Voici Jamraja, l'empereur des morts, le seigneur des enfers.
Il mange les corps et retient captifs les esprits.
Et dans cet enfer Santal, les châtiments concernent souvent les mauvais hôtes.
Ici, une femme qui n'a pas nourri convenablement son invité. Sa punition : elle est obligée de porter éternellement autour du cou une lourde jarre de nourriture. Là une autre, qui n'a pas signalé à son invité, alors qu'il revenait des champs, le brin d'herbe ou de paille qui s'était égaré dans ses cheveux. Jamraja la condamne à supporter un entier fagot sur sa tête. Là encore, un homme qui n'a pas proposé de siège à son invité. Jamraja le contraint donc à s'assoir sur des têtes de flèches.
Là enfin, une femme qui a mal parlé à son interlocuteur. De sa bouche sortiront des insectes à jamais.
Et le photographe, demande-je ? Quel sort lui réserve Jamraja s'il mitraille intempestivement ?
J'imagine, me répond Mohan en riant, une armée d'appareils photo pour le harceler à son tour.
Et Mohan de signer sa première illustration comique.

Tribu Santal (option 2)




(l'une ou l'autre)
(1bis ou 1ter) chez les Santal, le dessinateur est un peintre sur rouleaux et un barde, qui chante les mythes de la tribu et qui orchestre les cérémonies funéraires.
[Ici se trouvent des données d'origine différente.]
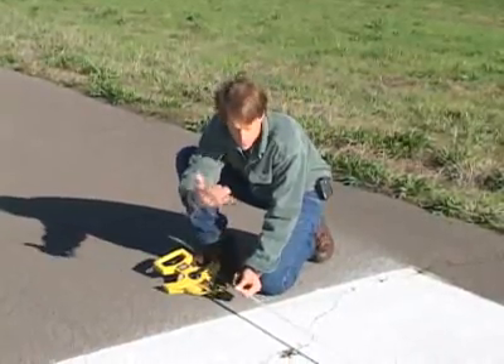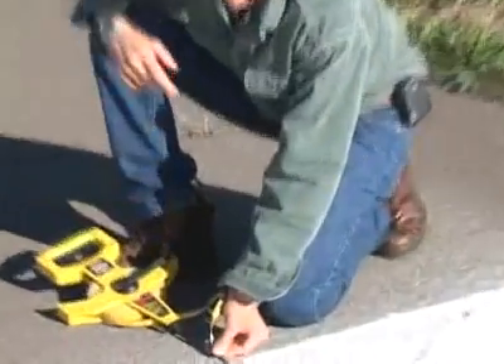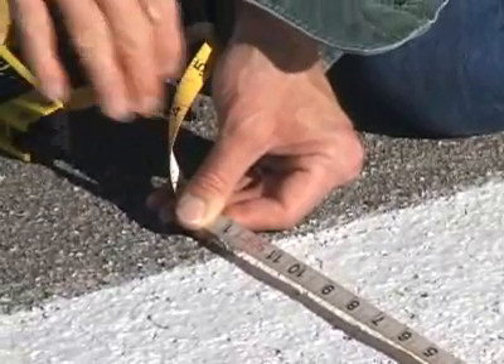So I got my tape stretched out, the top of the numbers are right here, and I'm showing exactly 90 feet from that big thick white line to the top of the 3-2 numbers.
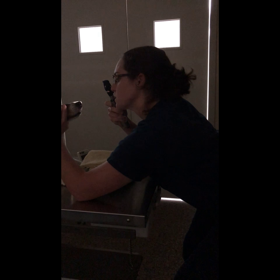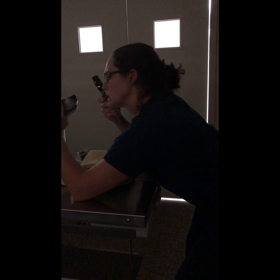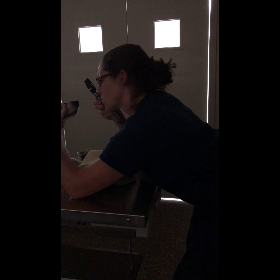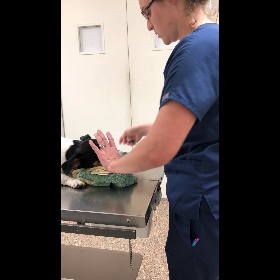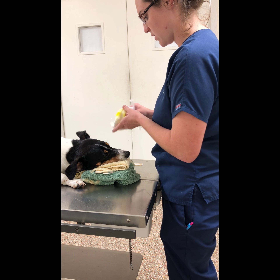I'm also going to check real quick just to see if he has any of the dye coming out of his nose, which he does not — which is not normal. Then we normally wet it one more time just to be sure that we get all that stain out.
Ici Buddhan chante la création du monde.



(2bis) Un village Santal est toujours construit à proximité d'un point d'eau.



(3bis) après la mousson, les Santal restaurent et polissent leurs murs à la bouse de vache.



(C bis) une planche sur l'invisible.

Mohan dessine mon appareil photo comme un oeil annexé à une boîte.
Je lui dis qu'il existe aussi chez moi des machines qui permettent de déplacer la frontière du visible et de l'invisible.
Des machines capables de montrer l'origine du monde, le principe de la vie, la structure de l'eau.
Mohan me répond que son rôle est précisément celui d'un intercesseur entre le visible et l'invisible, dont il s'emploie à dessiner la frontière.
Le dessin a le pouvoir de donner la vue, qui est dans la tribu synonyme de vie. Le dieu des Santal, Marangburu, crée le monde et avec lui deux oiseaux. Equilibre statique. Mohan m'explique que c'est au moment où Marangburu appose des yeux aux oiseaux que le monde se met en mouvement, s'anime enfin. Au commencement était la vision, et le dessinateur est destiné à actualiser le mythe. Le dessin, m'édifie-t-il, a le pouvoir de redonner vie aux morts. Pendant les cérémonies funéraires, on demande au dessinateur d'ajouter un oeil à un croquis censé figurer le défunt, pour libérer son esprit de l'enfer et lui permettre de se réincarner.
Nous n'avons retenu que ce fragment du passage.